The point in Evangelical Catholicism is that, in a world that can’t believe that anything is true and that’s deeply conflicted about what is good, the beautiful may be a privileged window into the true and the good. Something is either beautiful or it isn’t. Pondering why that’s the case opens up a lot of other questions. That’s one reason why the Church’s liturgy should be beautiful, not tacky: The beauty of the liturgy opens up our senses and the pores of our minds so that we can ponder the true and the good as God gives them to us in Word and Sacrament.
LOPEZ: How can Catholicism be both culture-forming and countercultural?
WEIGEL: Catholicism has always formed its own micro-culture. Catholics use a different language, tell a unique set of stories, live in a different time-zone (in which, for example, Sunday is not just a day on which the malls close earlier), perceive life and death according to a distinctive horizon. Once upon a time — say, when I was a boy — that Catholic micro-culture fit rather comfortably within the ambient public culture. That’s no longer the case. There’s real chafing, to put it mildly, between the way we’re taught to live in the Catholic micro-culture and the way “the world” invites us to live.
“The world” sings “I did it my way” and imagines this to be the apex of human aspiration and maturity; the Catholic micro-culture teaches a different ethos, in which conformity to the truths built by God into creation and into us is the royal road to human flourishing. My suggestion, in Evangelical Catholicism, is that the Church best challenges the dominant public culture today, not so much by argument as by demonstrating the human decency of the lives formed in that Catholic micro-culture. Lives lived nobly, charitably, and compassionately can open up the closed windows of a secular world choking on its own exhaust fumes, let in some fresh air, open some new conversations, and make possible encounters with God in Christ. Preaching the Gospel “in the world” begins with living the Gospel.
LOPEZ: What does the state of our culture today have to do with the Cold War?
WEIGEL: Well, we’re not being sent to prison camps — yet. But the structure of the situation is not dissimilar.

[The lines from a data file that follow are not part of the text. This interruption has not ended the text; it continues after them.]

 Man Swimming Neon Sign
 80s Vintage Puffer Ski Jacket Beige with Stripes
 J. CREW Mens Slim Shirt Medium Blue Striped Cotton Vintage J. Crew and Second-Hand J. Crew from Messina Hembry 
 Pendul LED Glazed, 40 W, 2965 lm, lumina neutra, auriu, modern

Catholicism played a crucial role in the collapse of European Communism because a vibrant Catholic micro-culture maintained its integrity and its tensile strength, and eventually proved more supple and enduring than the ambient public anti-culture of Communism. That’s why a lot of the younger and more evangelically assertive bishops of the United States have looked to the example of the Polish bishops under Communism for their inspiration in challenging the soft totalitarianism of the HHS mandate.

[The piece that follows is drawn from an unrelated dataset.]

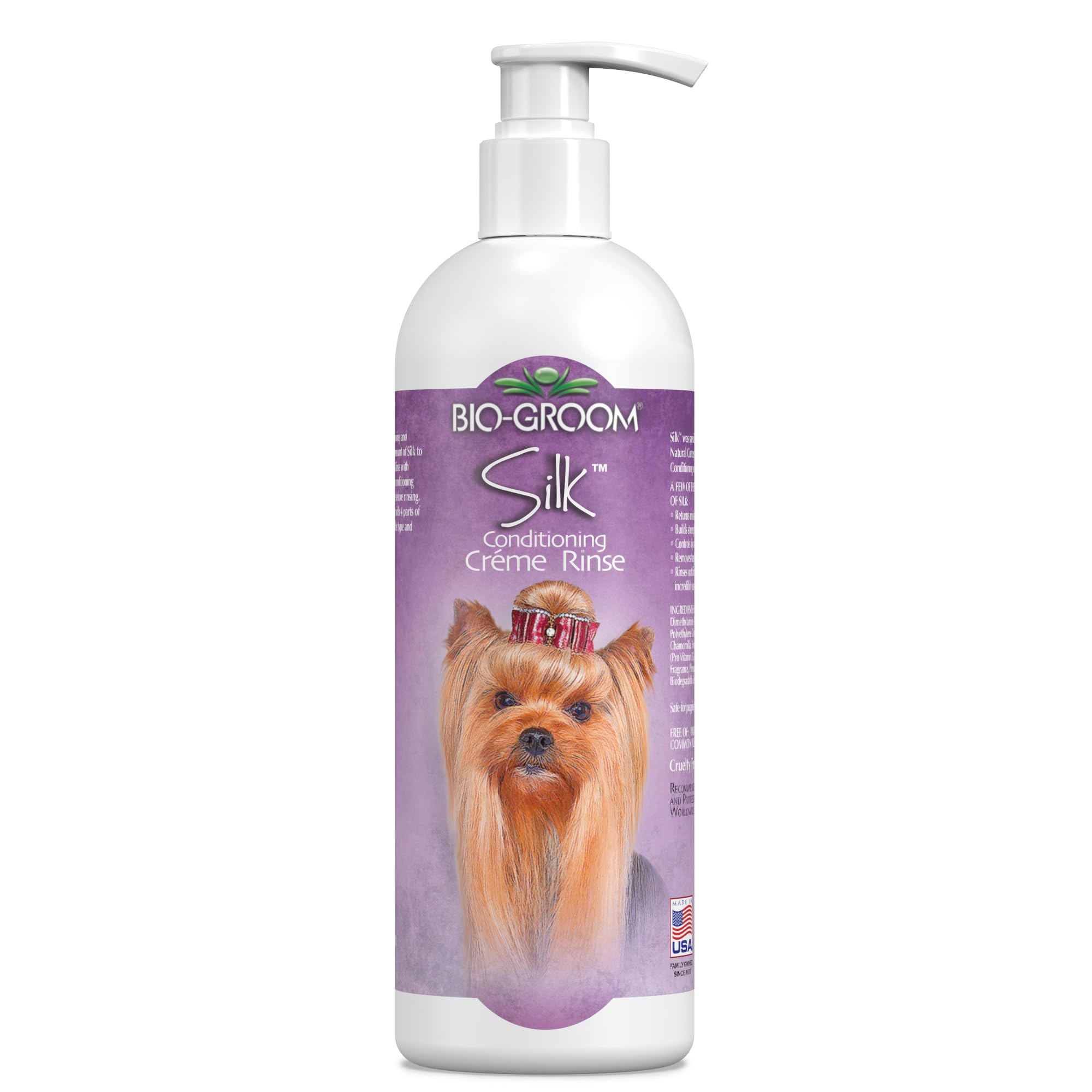 Bio-Groom flacon face montrant le conditionneur et l'identité produit bénéfice démêlage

LOPEZ: Why do “twenty-first century Christophobes” fear Christ?
WEIGEL: The secular Christophobes of the West fear Christ because they imagine him to be an enemy of autonomy, which they define as the highest of human values. But this rather misses the point: autonomy for what? The sandbox of solipsism, the playpen of self-absorption, can get rather lonely after awhile. When honest secularists recognize that loneliness in themselves, the hand of Christ will be there to lift them out of the sandbox or playpen and into a maturity and happiness built, not from “autonomy,” but from living a commitment to truth and with compassion for others. And that hand of Christ will be extended by the people of the Church, who are, in Pius XII’s wonderful image, Christ’s “mystical body” in the world.
LOPEZ: What are the Emmaus roads to be walked?
WEIGEL: They’re everywhere, as the Risen One is everywhere, waiting to meet us along those roads, to surprise us with his exposition of the Scriptures, and to join us in the breaking of the bread.
LOPEZ: Why does the modern world need “divine mercy” so much?
WEIGEL: Because of its guilt, often unconscious, but there nonetheless. The 20th century was the bloodiest in human history, by orders of magnitude. Add the new slaughter of the innocents in abortion to the slaughters of the World Wars, the death camps, the Gulag, and all the rest of the politically induced horrors, and you have a world awash in guilt over the cruelty and inhumanity it has visited upon itself. To whom can the sin that produced that guilt be confessed? By whom can it be expiated? By what authority can it be forgiven? The answers to those three questions cannot be Dr. Freud, Amnesty International, or the United Nations. The answer, I believe and the Church proclaims, is the God of the Bible, who comes into the world and into history — first in the people of Israel, and then in his Son — to offer humanity the embrace of the divine love, which alone can heal the brokenness of our lives, our societies, and our cultures.
LOPEZ: How is this “wedding feast of the lamb” business relevant to the daily lives of Catholics and the institutional Church
WEIGEL: Because belief in the wedding feast of the lamb lets us relax a bit. God has already won: That’s the message of Easter. The story is going to end the way God intended from the beginning. If you really believe that, you’re not insouciant about daily life or public life. But you can approach daily life and public life without clenched fists and gritted teeth.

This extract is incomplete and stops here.